Told in Care is interested in oral history as a slower, sensorial, relational mode of engaging with past, present, and future. This is a living archive. It aims to be part of organizing, inviting people to gather resources around birth workers, build coverage initiatives that truly pour into doulas, and commit to structural change beyond the limits of their work in the medical system.

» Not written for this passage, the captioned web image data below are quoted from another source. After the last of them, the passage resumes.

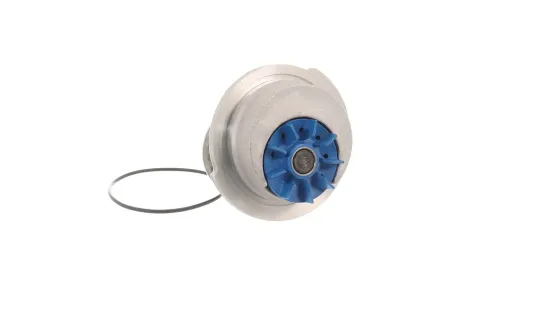 Wasserpumpe, Motorkühlung SKF VKPC 85206 Bild Wasserpumpe, Motorkühlung SKF VKPC 85206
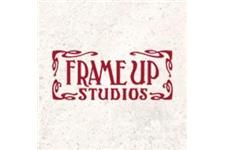 Frame Up Studios image 1
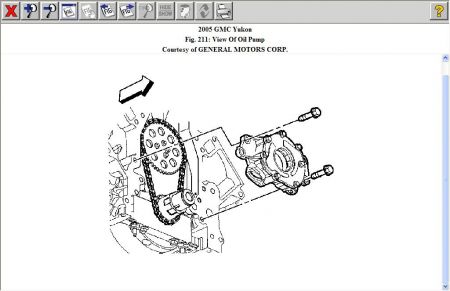 https://www.2carpros.com/forum/automotive_pictures/12900_oil_pump_4.jpg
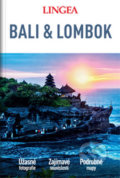 Bali &amp; Lombok - 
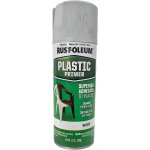 Plastic Primer White 340G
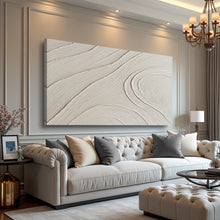 Load image into Gallery viewer, Minimalist Wall Art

These interviews were facilitated, filmed, edited and produced by Simone Klein through the Royce Fellowship, in partnership with the Mama Glow Foundation for their Department of Modern Culture & Media Honors Thesis. Several interview questions were asked to all the doulas, while others were specific to each individual. The interview structure was flexible, and Simo’s voice is present in the cuts when necessary for the informational flow, or when the moment was particularly connective. Neisha, Halimah, Lwam, and Analí all support CDI clients. The other doulas currently see clients outside of the program. Most, but not all, of the doulas on this site completed their doula training though Mama Glow. This project imperfectly attempts translation through its curation, and Simo understands that work as ongoing, and inherently political.
Thank you to Latham Thomas, Macarena Gómez-Barris, Andre Willis, Leona Hariharan, Isaac Ensel, and Em Freedman for your invigorating and insightful support throughout this process. Deep gratitude to the birth workers who shared their energy, time, honest stories, and living rooms with this project in service of uplifting birth worker voices. Thank you also to Brown Arts Institute, and the Swearer Center at Brown University. Additional interviews not represented on the site include: Assistant Commissioner for the Bureau of. Brooklyn Neighborhood Health Dr. Zahira McNatt; Deputy Manhattan Borough President Keisha Sutton-James; transgender abortion doula & activist Ash Williams; documentarian Abby Epstein; Professor Liz Amaya-Fernandez; founder of Embodied Black Girl Thérèse Cator; Isa Hererra; Yasmine Fequiere and Mama Glow doulas Brandi and Shaunté.
Note on language adapted from Doula Medicaid Project: The term “doula” comes from the ancient Greek word for “female servant” or “female slave.” In the current day, this word has evolved to represent a professional who provides non-clinical physical, emotional, spiritual, and informational support across the full spectrum of reproductive health. With intentional reflection,
Told in Care uses this term because of its continued presence in the Mama Glow doula community — alongside “birth worker.”